Another bracket fungus, Ganoderma, shows its underside pore surface from which it will disperse its spores.
A cup fungus, Peziza.
A little orange mushroom
A gnarly bracket fungus and moss on a trunk.
More false turkey tails festoon this log.
The vine is growing through this bracket fungus.
Another log full of bracket fungi and moss.
These blobs are the black jelly fungus Exidia glandulosa.
There is much evidence of at least one fire that swept through the park. Here are just a few of the many charred logs visible along the trail.
A small log full of lichen nestles a little fern.
Many of the fire-damaged Douglas fir trees sprout little mushrooms growing up out of their cracked bark.
Here is more jelly fungus (Tremella aurantia), growing on these false turkey tails.

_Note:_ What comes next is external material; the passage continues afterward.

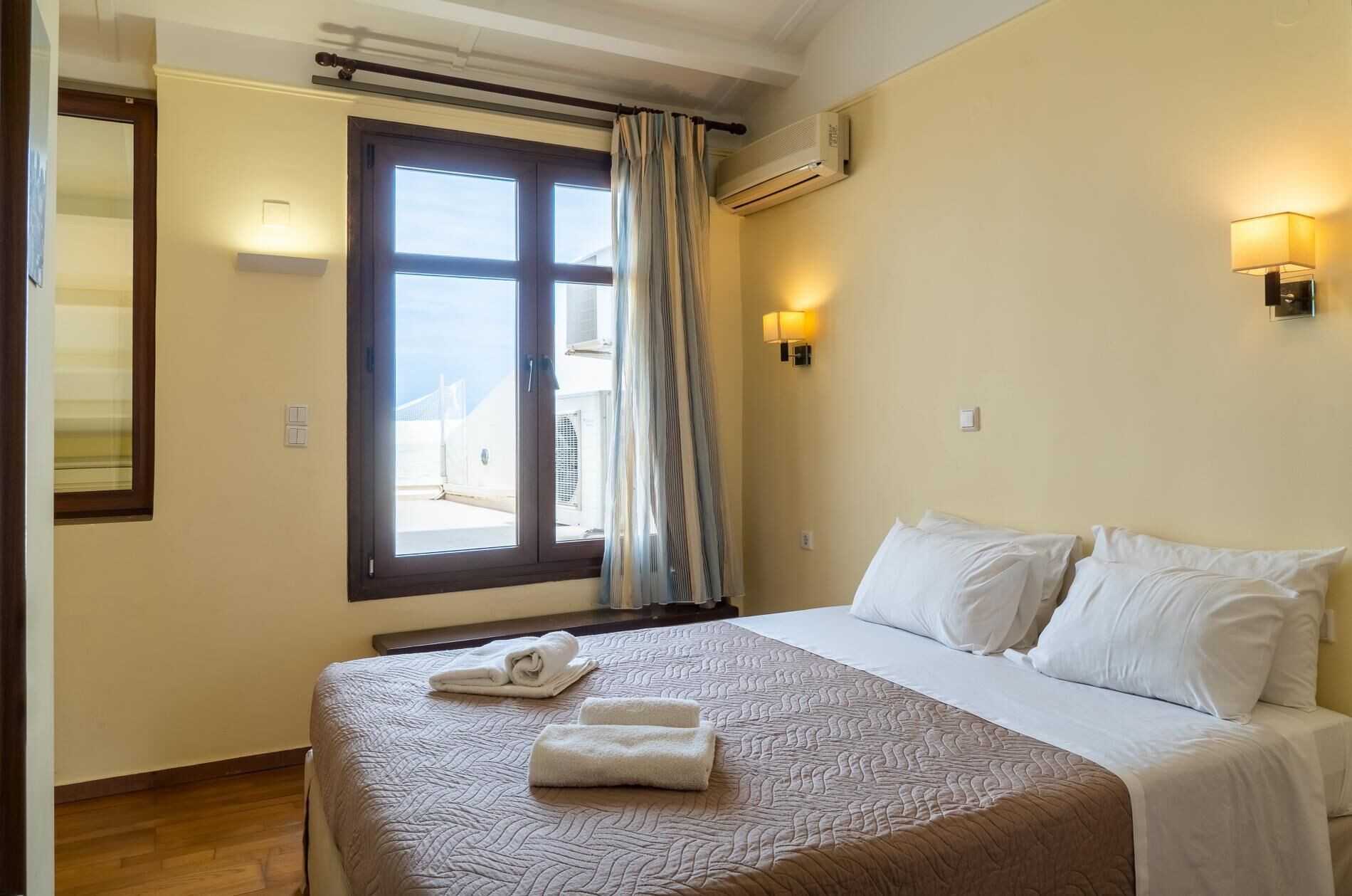 Ein Hotelzimmer mit einem Bett, zwei Wandlampen, einem Vorhangfenster und einer Klimaanlage.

Yes, some kinds of fungi parasitize other fungi. It's like fungi squared.
This black blob is a kind of crust fungus, Annulohypoxylon thouarsianum.
More mossy logs festooned with bracket fungi.
Turkey tail fungi on logs.
Looking up at a log overhanging the trail, we see the underside of bracket fungi.
Eventually the Madrone Trail takes us up to Salamander Flat, and Salamander Pond.
This spring-fed pool was originally a reservoir for the Folger estate. Now it is home to rough-skinned newts (Taricha granulosa), which breed here from late winter to early summer.
Here's a rough-legged newt crawling past Ds' boot.
Don't touch -- their skin is poisonous.
On our way down the Alambique Trail we pass by a memorial bench, recently graced with roses.
This enormous 20-foot-tall charred stump looming above the trail is all that is left of an ancient giant redwood. I cannot imagine the inferno that must have destroyed the magnificent tree that once flourished there.
Redwoods actually need fire to survive. Their bark contains tannins, which resist burning. As fires sweep periodically through redwood forests, they burn other plants and debris, enriching the soil. The redwood seeds then have a good supply of nutrients to encourage growth once they sprout.
But if their protective bark is damaged, either by insects or animals, fire can get inside and burn the flammable part of the redwood. If a fire is hot enough, the fluids inside the tree explode, letting the fire in. It may take 50 or 100 such fires to kill a redwood completely, though.